Mitochondrial aldehyde dehydrogenase 2 (ALDH2), an important enzyme in the elimination of toxic aldehydes, is involved in cardioprotection against diabetes mellitus. This study was designed to examine the mechanism behind ALDH2-offered protection against high glucose exposure with a focus on autophagy. H9C2 cells were cultured with normal or high glucose medium in the presence or absence of the ALDH2 agonist Alda-1. GFP-LC3 puncta and immunofluorescence were employed to assess autophagosome formation. Western blotting was applied to evaluate autophagy protein markers Atg5, LC3, p62, ULK1 phosphorylation and ALDH2. JC-1 staining was used to monitor mitochondrial membrane potential and mitochondrial injury. CCK-8 and TUNEL assays were employed for apoptosis and cell viability. Our results indicated that high glucose promoted cell death and decreased cell viability.
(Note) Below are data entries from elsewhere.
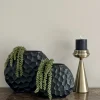 Vensterbank decoratie of side table set vaas zwart erwtenplant met kandelaar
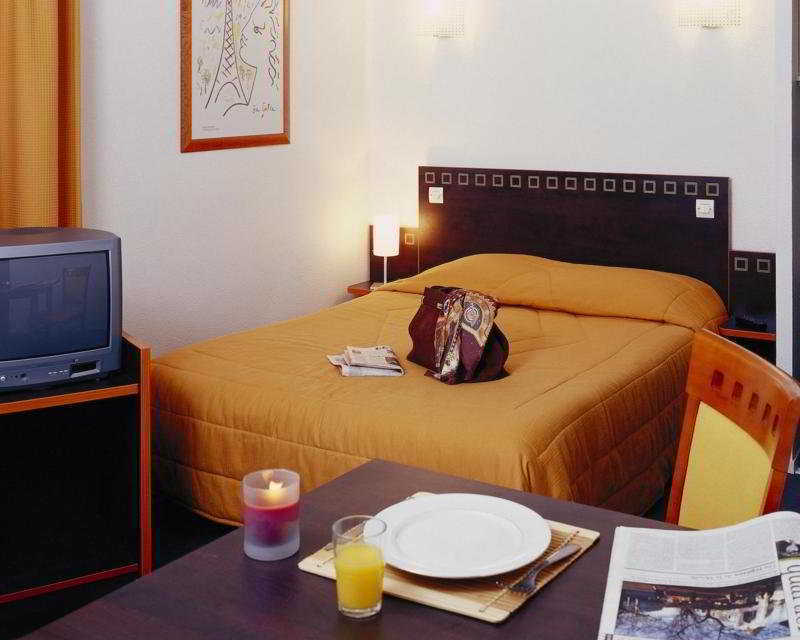 Aparthotel Adagio Access La Defense - Leonard De Vinci Courbevoie Szoba fotó
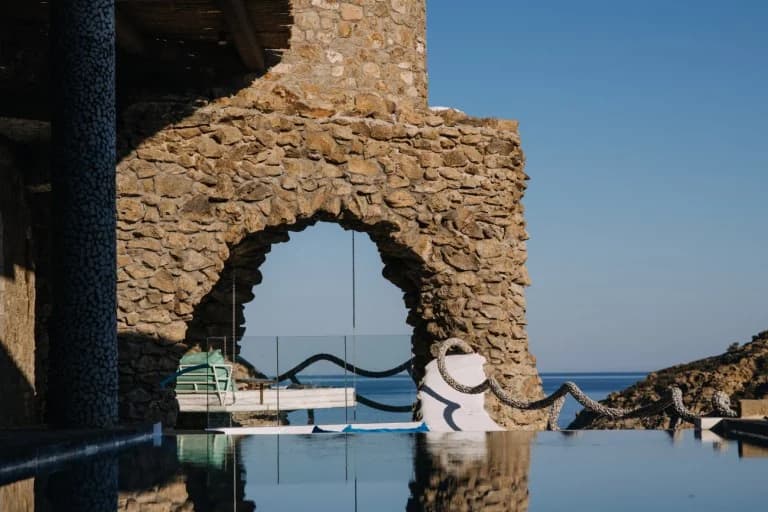 Ios: Reconocida como un Destino Auténtico del Mediterráneo por Condé Nast Traveller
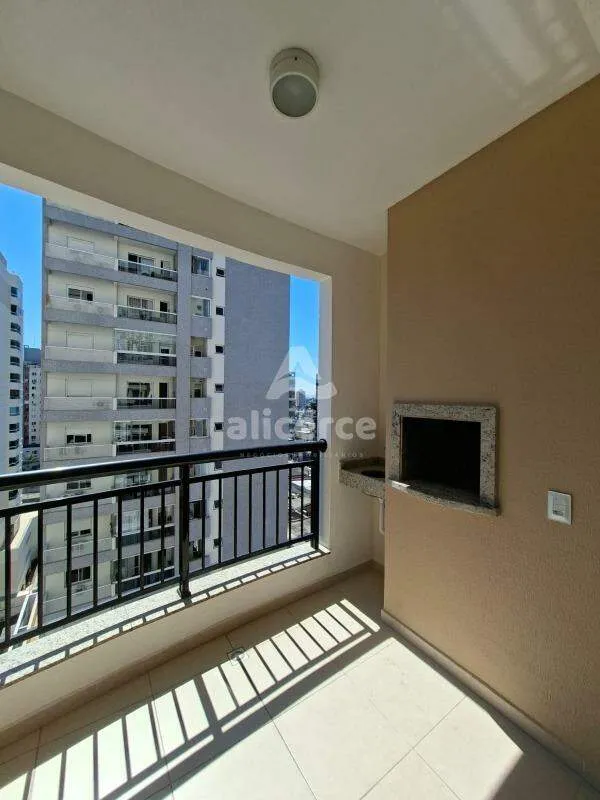 Imagem Apartamento à venda com 02 dormitórios sendo 01 suíte com 74 m² no bairro Kobrasol - São José - SC.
Levels of autophagy protein marker Atg5, and LC3B were decreased and level of p62 was elevated in hyperglycemic condition, the effects of which were reversed by ALHD2. High glucose lowered mitochondrial membrane potential, the effect of which was accentuated by ULK1 knock-down. All these high glucose-induced responses were negated by Alda-1 along with upregulated autophagy. The autophagy inhibitor 3-MA and lysosomal inhibitor bafilomycin A1 cancelled off whereas autophagy inducer rapamycin mimicked the Alda-1-offered protection against high glucose. High glucose suppressed phosphorylation of ULK1, the effect of which was mitigated by Alda-1. Knock-down of ULK1 using siRNA negated Alda-1-induced upregulation of autophagosome accumulation and LC3 expression. High glucose-dampened autophagy was also confirmed using GFP-LC3 puncta, and immunofluorescence. Taken together, these data suggested that ULK1 played a crucial role in ALDH2-offered protective effect against high glucose exposure-induced cardiomyocyte injury through regulation of autophagy.